02/08/2011

p.39-40

A neuf heures, le cortège se met en mouvement et le défilé commence. Il dure une heure et quart.

Adelin et ses majors étaient heureux de se voir à cheval à la tête d’une compagnie, au milieu de plus de cinquante mille personnes et d’un effectif de compagnies de plus de trois mille hommes.

La compagnie de Bambois se trouvait donc ainsi entre celles de Bois-de-Villers et de Bambois.

Toute la compagnie avait su se pomponner élégamment.

Dans le cortège, la compagnie marchait correctement. Adelin, se retournant de temps

(40)

en temps, accompagnait d’un clin d’œil son regard de satisfaction donné aux chefs ou aux soldats.

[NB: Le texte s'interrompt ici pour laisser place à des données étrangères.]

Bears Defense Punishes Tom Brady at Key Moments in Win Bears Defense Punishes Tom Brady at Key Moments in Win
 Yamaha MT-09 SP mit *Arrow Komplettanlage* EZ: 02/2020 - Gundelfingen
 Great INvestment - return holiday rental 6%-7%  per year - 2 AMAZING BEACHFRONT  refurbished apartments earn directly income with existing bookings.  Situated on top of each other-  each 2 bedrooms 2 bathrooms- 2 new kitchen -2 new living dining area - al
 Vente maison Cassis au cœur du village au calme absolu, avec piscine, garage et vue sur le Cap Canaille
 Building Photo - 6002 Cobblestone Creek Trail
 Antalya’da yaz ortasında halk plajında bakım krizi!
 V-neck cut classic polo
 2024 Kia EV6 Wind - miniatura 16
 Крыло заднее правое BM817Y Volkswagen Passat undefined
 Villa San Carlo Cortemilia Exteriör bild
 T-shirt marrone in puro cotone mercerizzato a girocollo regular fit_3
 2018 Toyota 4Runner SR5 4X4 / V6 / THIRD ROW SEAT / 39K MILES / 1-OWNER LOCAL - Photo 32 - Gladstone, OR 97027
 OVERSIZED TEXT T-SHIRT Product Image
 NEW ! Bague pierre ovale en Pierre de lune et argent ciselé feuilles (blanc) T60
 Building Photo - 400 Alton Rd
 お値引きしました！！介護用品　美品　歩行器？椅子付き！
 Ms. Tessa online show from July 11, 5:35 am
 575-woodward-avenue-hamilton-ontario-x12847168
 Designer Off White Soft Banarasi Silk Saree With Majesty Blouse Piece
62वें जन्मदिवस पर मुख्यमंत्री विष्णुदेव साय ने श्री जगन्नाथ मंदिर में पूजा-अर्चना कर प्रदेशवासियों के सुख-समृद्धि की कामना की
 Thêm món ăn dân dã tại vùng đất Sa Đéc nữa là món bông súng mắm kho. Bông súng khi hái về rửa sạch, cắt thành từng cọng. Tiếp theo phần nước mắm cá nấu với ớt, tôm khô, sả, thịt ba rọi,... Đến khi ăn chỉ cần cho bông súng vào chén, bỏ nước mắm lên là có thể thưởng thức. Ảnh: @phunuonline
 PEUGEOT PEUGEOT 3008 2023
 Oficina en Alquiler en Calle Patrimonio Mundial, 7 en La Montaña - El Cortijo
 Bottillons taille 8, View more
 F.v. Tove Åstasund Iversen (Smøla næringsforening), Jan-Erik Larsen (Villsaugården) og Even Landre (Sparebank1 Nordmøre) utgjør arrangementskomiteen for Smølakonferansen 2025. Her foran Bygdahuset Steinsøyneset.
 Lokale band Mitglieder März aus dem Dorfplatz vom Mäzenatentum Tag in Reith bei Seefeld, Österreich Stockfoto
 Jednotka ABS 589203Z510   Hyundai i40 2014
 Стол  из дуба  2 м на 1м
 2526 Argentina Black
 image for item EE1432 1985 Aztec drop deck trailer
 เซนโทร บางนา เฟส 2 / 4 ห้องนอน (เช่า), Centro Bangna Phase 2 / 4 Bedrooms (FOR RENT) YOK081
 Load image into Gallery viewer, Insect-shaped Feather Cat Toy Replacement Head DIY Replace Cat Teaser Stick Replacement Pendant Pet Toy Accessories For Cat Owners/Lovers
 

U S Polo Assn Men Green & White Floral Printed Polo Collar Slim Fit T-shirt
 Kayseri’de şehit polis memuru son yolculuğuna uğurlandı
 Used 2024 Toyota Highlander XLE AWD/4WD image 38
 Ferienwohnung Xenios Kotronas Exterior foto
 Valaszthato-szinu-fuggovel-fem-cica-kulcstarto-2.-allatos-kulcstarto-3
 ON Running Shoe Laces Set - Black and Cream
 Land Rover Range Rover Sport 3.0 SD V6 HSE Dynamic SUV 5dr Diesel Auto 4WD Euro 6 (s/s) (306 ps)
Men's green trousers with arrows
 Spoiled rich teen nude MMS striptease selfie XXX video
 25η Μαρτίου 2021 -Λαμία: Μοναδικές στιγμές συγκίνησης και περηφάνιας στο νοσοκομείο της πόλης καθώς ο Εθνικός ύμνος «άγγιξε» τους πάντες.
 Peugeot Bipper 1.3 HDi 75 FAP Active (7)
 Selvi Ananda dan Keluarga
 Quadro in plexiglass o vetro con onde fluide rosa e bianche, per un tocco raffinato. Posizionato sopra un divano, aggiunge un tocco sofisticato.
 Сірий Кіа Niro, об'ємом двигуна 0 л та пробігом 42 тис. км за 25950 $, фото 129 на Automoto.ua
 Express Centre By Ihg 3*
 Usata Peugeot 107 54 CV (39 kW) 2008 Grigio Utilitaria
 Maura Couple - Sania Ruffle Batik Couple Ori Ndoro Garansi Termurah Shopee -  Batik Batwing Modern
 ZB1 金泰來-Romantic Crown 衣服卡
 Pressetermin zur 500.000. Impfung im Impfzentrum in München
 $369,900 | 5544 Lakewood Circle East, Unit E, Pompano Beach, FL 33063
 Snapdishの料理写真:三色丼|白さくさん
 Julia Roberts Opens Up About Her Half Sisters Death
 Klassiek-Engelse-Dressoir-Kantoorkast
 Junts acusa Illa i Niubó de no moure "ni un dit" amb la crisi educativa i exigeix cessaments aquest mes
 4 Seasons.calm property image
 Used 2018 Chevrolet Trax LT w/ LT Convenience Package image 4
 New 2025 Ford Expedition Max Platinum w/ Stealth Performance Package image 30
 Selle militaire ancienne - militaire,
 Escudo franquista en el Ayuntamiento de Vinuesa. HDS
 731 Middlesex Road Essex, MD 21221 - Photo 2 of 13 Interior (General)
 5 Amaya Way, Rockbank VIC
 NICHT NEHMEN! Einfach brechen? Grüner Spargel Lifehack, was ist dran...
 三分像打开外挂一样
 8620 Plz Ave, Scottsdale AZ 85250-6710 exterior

Il est inutile de féliciter les capitaines et les lieutenants qui avaient su en peu de temps apprendre leurs exercices grâce aux bonnes leçons orales du théoricien, l’adjudant Hallin, et ensuite de les inculquer aux soldats. De cheval, à la tête de la compagnie, one ne voyait que schakos (sic) et pompons allignés (sic) soigneusement.

Le sergent-sapeur, Léonard Fauchet, une grande scie à la main, barre le passage à la foule et est suivi de huit sapeurs presque tous courbés sous le faix du travail. Faudchet remplit dignement sa tâche.

Le tambour-major, Antoine Wiame, d’une allure guerrière, dirige les quatre tambours et les deux clairons qui remplacent un fifre.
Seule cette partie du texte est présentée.